Exercise brief = Needed from the data below: every line from the one with "And if you want, you" up to and including the one with "It's also constructed", repeated exactly and with nothing else.

(Saved data entries)

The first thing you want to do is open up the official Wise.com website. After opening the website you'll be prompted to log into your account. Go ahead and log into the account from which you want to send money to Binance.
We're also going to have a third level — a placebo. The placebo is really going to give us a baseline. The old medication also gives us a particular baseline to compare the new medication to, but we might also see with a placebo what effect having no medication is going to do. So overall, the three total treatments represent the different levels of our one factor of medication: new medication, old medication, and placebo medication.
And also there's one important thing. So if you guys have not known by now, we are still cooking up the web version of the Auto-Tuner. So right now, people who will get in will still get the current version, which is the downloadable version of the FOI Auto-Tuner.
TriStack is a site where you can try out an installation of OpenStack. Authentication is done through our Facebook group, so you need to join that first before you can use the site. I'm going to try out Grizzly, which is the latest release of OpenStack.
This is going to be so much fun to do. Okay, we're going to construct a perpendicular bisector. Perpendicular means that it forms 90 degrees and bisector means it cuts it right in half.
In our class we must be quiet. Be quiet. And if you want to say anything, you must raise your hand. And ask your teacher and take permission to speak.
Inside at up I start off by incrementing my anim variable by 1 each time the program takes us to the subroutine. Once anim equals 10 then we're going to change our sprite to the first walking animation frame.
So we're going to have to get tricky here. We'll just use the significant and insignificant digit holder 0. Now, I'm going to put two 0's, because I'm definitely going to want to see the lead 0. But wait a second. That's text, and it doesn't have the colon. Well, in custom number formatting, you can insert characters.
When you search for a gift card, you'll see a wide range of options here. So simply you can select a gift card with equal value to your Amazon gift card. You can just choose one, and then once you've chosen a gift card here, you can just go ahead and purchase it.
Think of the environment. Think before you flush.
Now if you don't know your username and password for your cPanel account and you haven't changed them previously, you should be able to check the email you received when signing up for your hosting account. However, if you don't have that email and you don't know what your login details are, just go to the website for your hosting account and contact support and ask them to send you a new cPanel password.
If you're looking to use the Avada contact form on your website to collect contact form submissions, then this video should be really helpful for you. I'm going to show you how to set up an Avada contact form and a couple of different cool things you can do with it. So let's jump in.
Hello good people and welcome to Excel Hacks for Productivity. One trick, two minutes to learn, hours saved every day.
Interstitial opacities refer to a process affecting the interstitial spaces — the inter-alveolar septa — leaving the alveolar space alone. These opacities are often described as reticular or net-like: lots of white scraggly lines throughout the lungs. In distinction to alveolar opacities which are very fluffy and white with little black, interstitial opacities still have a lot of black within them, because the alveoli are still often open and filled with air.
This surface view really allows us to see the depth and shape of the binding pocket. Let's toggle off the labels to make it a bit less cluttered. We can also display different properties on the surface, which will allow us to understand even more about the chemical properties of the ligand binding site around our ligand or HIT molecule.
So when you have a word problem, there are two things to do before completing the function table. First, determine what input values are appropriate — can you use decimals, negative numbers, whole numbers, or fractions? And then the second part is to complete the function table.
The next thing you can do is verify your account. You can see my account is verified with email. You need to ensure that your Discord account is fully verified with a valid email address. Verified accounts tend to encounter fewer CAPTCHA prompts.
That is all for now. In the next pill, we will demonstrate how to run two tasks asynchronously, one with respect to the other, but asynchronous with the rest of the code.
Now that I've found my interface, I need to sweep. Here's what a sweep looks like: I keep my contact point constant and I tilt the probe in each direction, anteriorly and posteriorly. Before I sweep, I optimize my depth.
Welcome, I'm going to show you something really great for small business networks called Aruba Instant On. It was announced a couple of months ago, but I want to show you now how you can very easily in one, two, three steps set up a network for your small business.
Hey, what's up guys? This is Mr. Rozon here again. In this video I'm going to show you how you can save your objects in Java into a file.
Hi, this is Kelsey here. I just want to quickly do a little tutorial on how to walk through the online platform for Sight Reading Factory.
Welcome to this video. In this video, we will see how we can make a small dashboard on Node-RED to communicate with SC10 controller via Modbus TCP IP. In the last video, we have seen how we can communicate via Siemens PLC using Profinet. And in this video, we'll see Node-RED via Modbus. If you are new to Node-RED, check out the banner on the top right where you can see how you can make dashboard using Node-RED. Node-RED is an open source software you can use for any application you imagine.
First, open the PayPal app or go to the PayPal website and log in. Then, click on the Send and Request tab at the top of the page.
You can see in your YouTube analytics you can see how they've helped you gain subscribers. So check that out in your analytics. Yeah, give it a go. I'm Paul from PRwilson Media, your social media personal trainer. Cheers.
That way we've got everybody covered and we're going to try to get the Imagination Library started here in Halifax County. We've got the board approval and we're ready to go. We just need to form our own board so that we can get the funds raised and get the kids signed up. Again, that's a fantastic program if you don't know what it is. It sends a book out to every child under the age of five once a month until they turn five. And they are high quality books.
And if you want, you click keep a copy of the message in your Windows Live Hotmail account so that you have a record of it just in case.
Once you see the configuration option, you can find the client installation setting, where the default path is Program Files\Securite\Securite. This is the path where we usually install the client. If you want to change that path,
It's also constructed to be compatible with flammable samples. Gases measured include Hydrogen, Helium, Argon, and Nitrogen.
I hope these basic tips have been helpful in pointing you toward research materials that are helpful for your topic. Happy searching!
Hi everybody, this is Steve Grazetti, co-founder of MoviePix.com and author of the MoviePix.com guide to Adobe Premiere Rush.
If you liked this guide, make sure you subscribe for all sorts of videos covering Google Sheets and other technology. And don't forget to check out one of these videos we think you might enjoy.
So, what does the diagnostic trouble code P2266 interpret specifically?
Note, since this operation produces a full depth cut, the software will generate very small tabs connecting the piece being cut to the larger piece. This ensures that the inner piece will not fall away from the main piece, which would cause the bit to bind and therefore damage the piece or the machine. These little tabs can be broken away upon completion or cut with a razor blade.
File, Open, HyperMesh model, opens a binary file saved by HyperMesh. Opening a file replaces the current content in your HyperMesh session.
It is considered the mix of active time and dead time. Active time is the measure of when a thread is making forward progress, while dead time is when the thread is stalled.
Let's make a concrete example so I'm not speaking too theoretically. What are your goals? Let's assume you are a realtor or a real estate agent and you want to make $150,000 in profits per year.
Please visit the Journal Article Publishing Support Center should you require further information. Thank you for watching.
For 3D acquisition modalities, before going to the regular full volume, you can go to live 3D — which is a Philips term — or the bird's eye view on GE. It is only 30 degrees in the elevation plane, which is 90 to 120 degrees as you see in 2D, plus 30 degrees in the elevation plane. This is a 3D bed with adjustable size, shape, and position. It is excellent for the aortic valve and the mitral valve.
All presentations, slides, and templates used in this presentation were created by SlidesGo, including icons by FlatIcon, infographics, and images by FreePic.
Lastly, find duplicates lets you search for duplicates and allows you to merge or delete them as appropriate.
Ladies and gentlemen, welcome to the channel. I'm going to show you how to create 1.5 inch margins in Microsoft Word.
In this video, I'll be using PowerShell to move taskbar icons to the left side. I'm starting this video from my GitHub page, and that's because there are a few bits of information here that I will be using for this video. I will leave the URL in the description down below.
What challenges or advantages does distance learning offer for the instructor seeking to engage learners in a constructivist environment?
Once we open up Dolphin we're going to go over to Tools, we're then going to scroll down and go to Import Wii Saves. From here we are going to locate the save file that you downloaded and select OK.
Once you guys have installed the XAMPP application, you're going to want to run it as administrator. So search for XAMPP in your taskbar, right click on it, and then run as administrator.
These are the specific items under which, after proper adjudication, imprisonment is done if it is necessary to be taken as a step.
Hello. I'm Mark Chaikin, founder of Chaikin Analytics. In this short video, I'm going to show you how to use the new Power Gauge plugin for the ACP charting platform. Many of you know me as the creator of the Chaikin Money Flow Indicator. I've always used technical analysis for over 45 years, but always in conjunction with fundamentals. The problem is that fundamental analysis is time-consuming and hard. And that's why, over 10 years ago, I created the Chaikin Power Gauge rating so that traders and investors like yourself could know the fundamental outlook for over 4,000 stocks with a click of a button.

Solution below =
And if you want, you click keep a copy of the message in your Windows Live Hotmail account so that you have a record of it just in case.
Once you see the configuration option, you can find the client installation setting, where the default path is Program Files\Securite\Securite. This is the path where we usually install the client. If you want to change that path,
It's also constructed to be compatible with flammable samples. Gases measured include Hydrogen, Helium, Argon, and Nitrogen.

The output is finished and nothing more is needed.